── Information shown ──

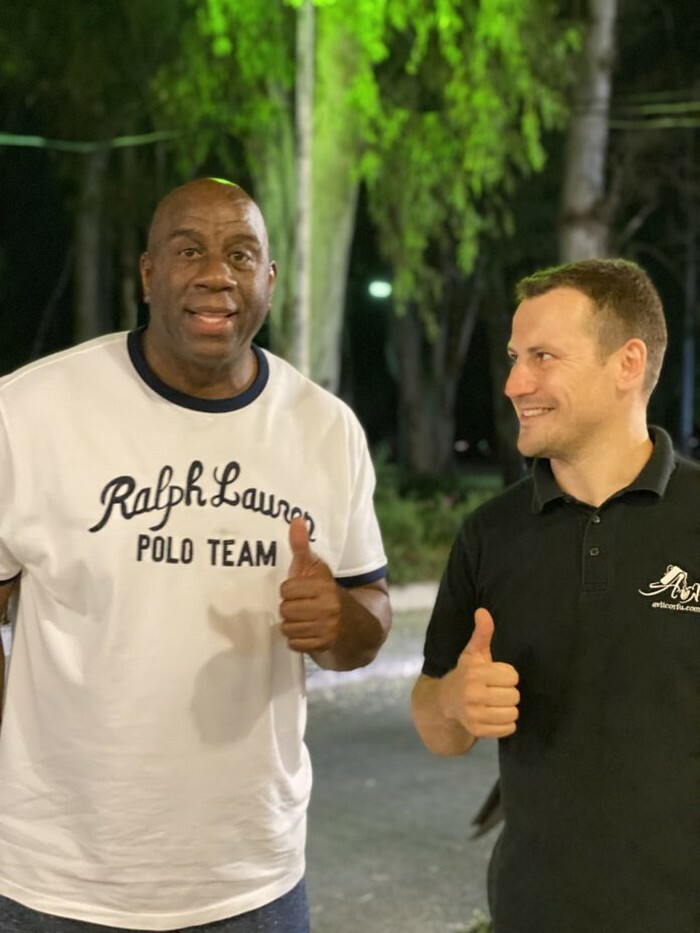 johnson magic kerkira diakopes estiatorio ert 1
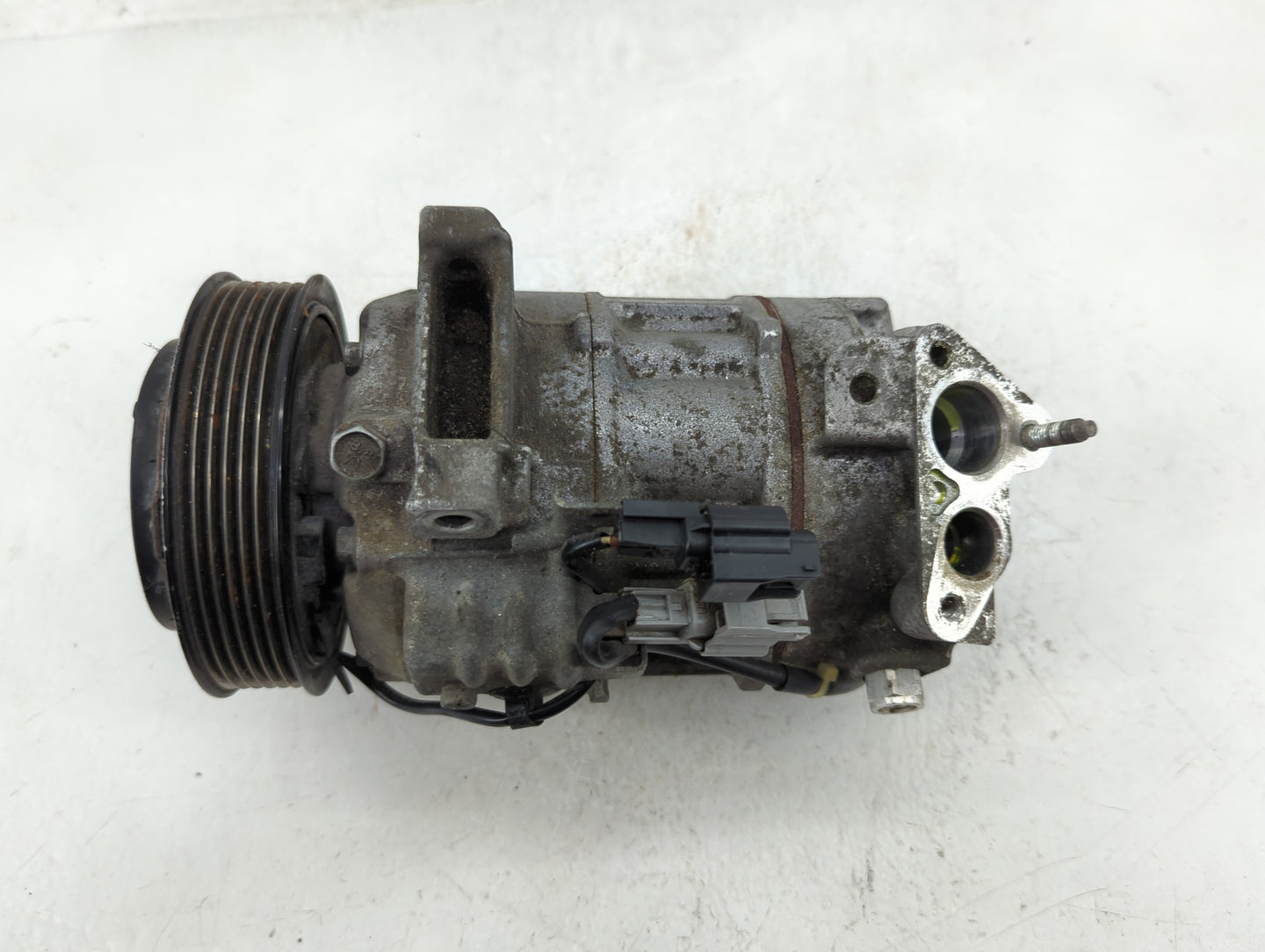 2017-2018 Nissan Rogue Sport Air Conditioning A/c Ac Compressor Oem - Oemusedautoparts1.com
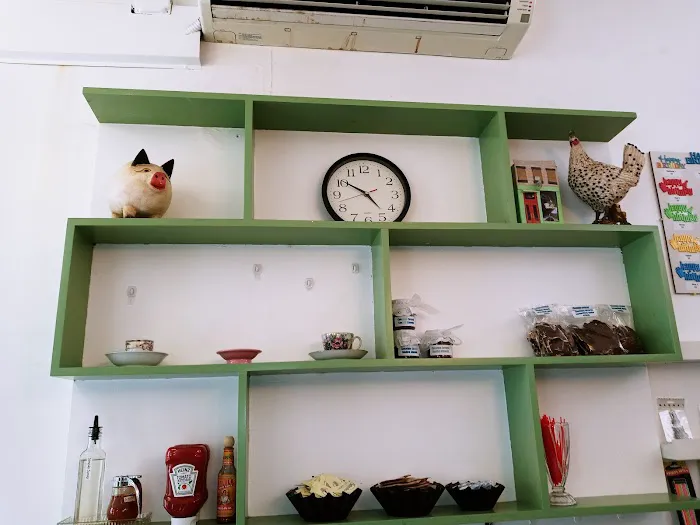 Betty Bakery Picture 10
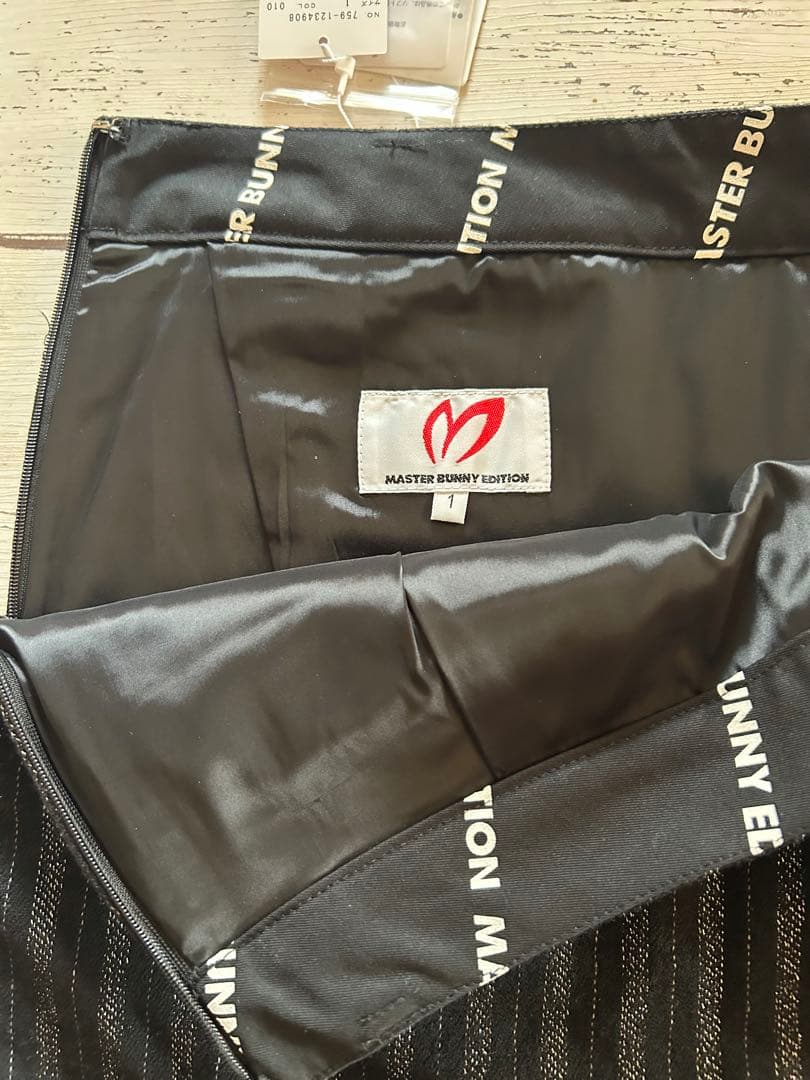 MASTER BUNNY EDITION スカート　サイズ①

───

_About this task:_ The answer is the run of lines from the one with "Betty Bakery Picture 10" through the final line of the data, copied exactly, and nothing else; no pictures.

_Reply to the exercise:_
 Betty Bakery Picture 10
 MASTER BUNNY EDITION スカート　サイズ①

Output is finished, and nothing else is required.